L’époux de bois sera de préférence recherché dans les classes populaires, plus susceptibles de produire des hommes malléables financièrement. On voit ainsi se mettre en place un dispositif où chaque personnage remplit une fonction et où l’écheveau familial, économique et sociologique enferme Sofia dans une situation ingérable. Politiquement juste, c’est cinématographiquement un brin mécanique et prévisible. Mais plus le film avance, plus il échappe à son dispositif, comme si la mise en scène épousait
le propos émancipateur de Benm’Barek.
La réalisatrice a eu la bonne intuition de coller à Sofia, à son corps mais aussi à son intériorité, à son mystère, un peu à la manière des Dardenne de Rosetta. Il apparaît ainsi petit à petit que Sofia n’est peut-être pas la fragile et blanche colombe que l’on croyait, que la supposée victime d’une société ultrapatriarcale sait aussi user des codes sociaux de son pays à son avantage, que son corps et sa volonté sont des citadelles imprenables.
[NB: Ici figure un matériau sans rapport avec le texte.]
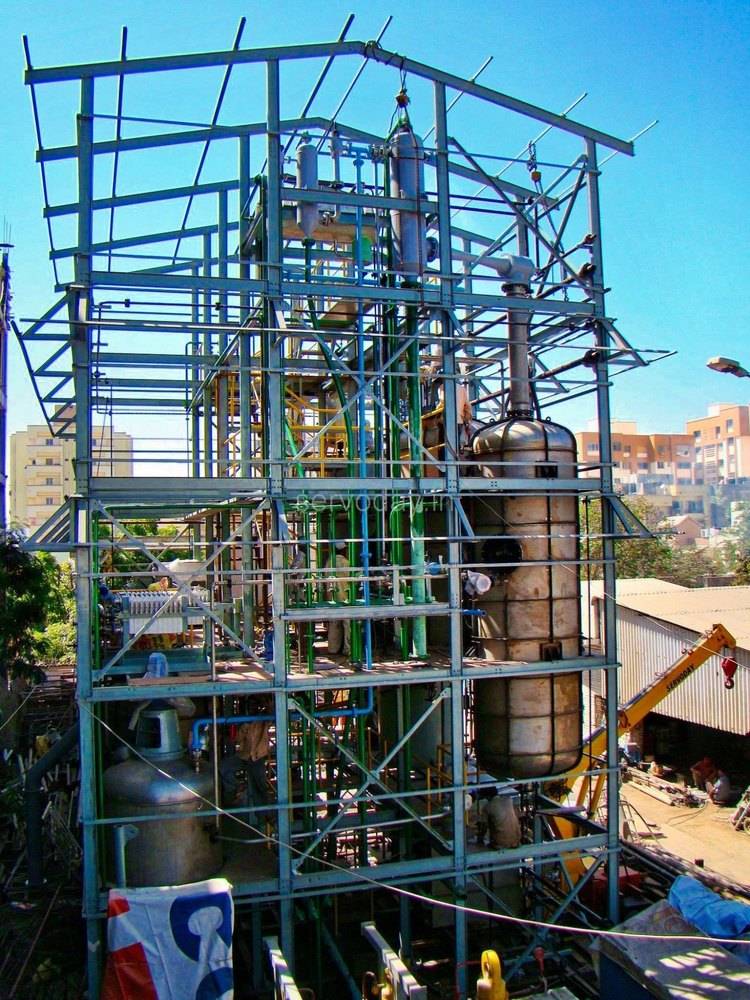 Edible Oil Refinery Plant, Capacity: 100-200 ton/day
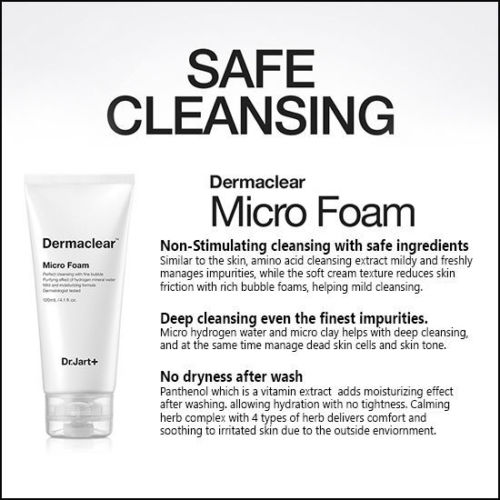 Dr.Jart+ Dermaclear Micro pH Foam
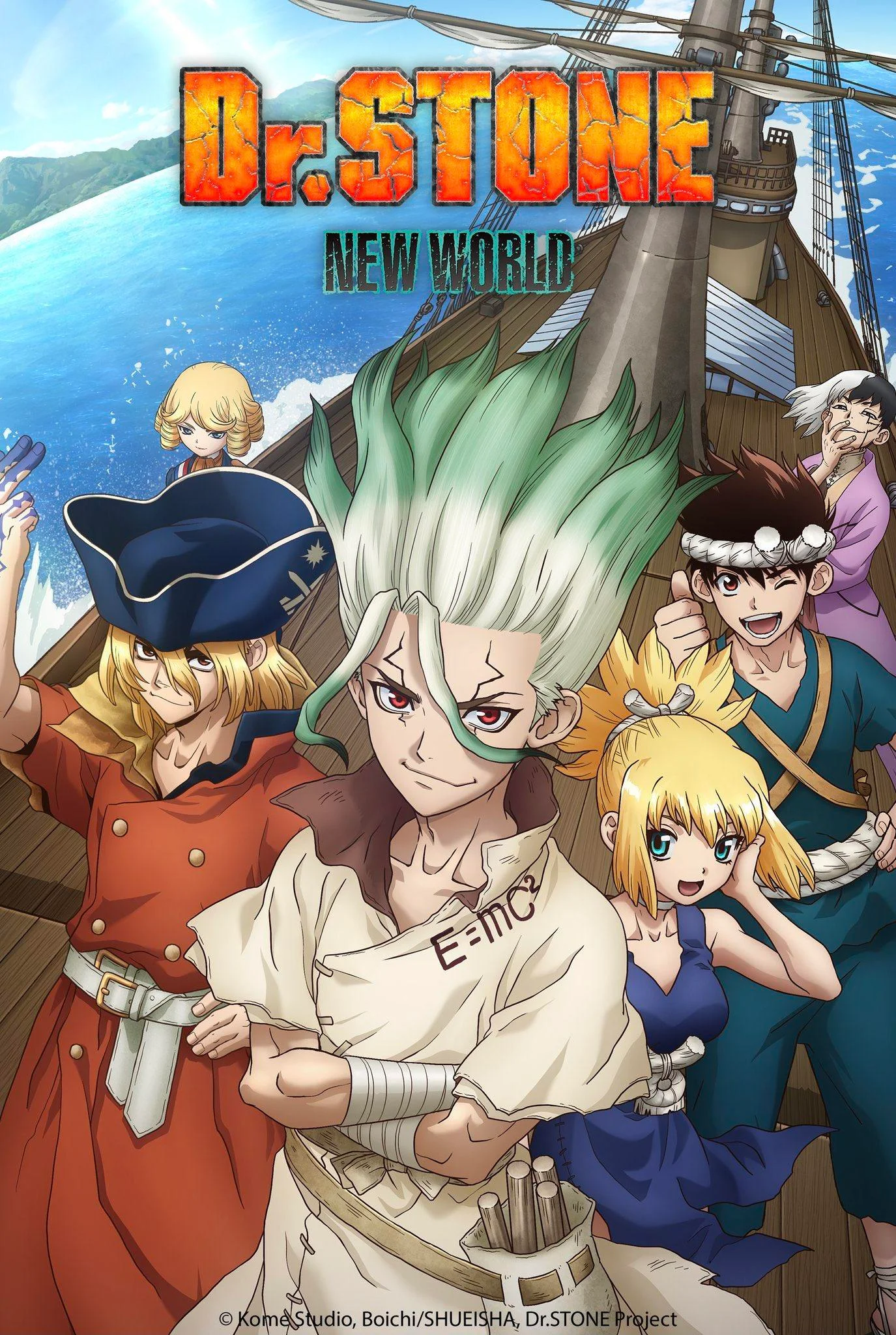 Dr. STONE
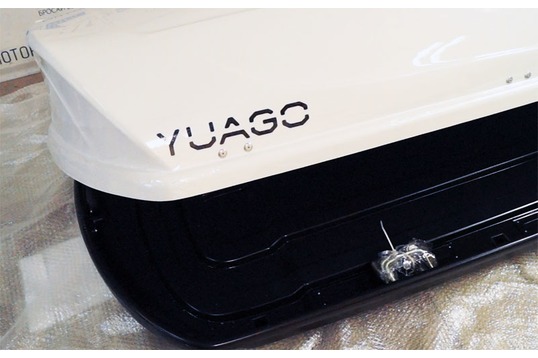 Автобокс YUAGO Avatar глянцевый (ПММА) EuroLock 460 литров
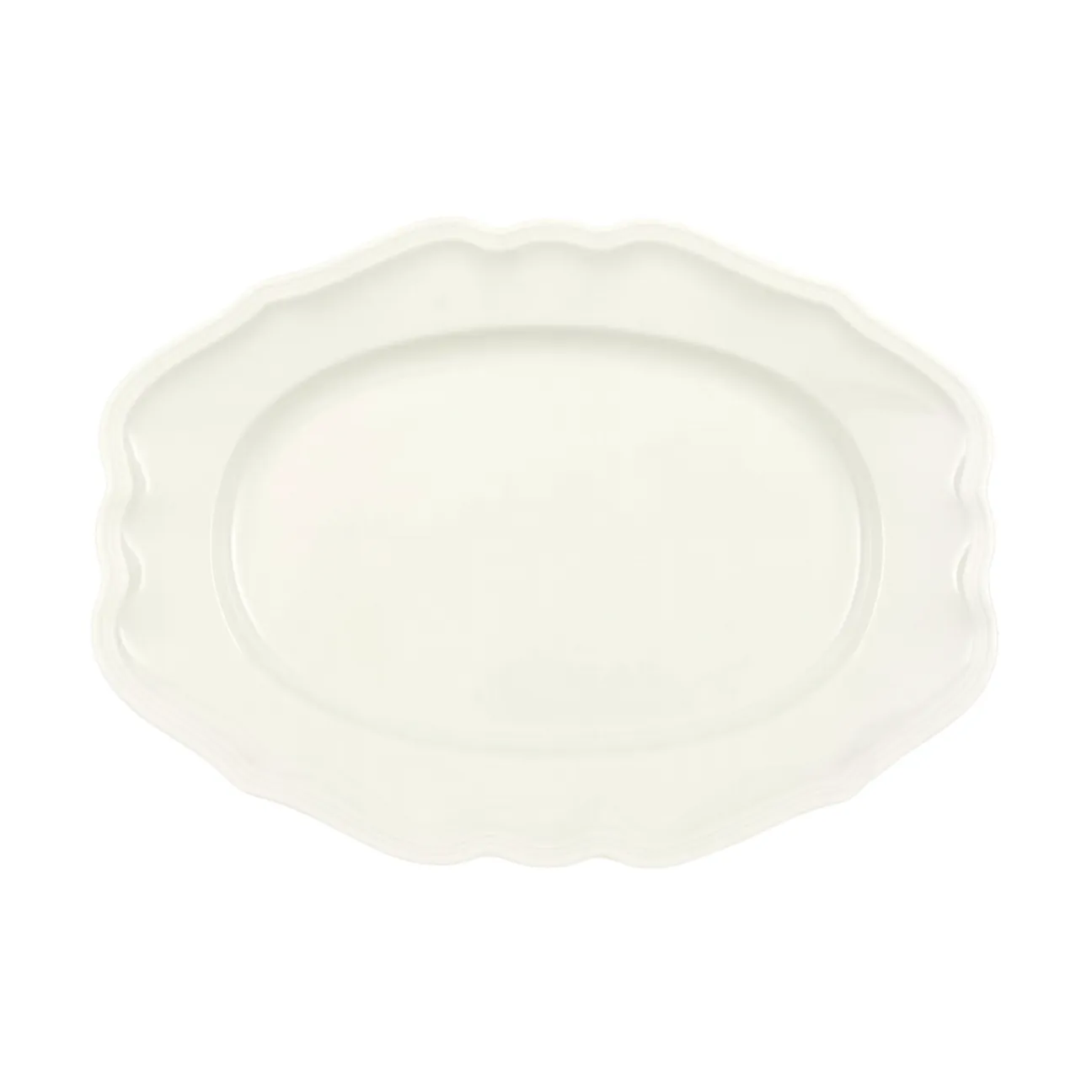 Manoir serveringsfat 37 cm, Vit Villeroy & Boch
Mais rien n’est sûr : comme dans un film des frères Coen, on ne sait pas jusqu’à quel degré Sofia serait la maîtresse des règles sociales tant elle garde en elle jusqu’au bout une zone d’opacité. Et c’est avec cette part d’opacité irréductible que Meryem Benm’Barek échappe au propos convenu ou à une dramaturgie prévisible et fait du bon cinéma, ce qui ne l’empêche pas de parler de la condition féminine au Maroc et, plus largement, des rapports de classe et même des effets résiduels du postcolonialisme.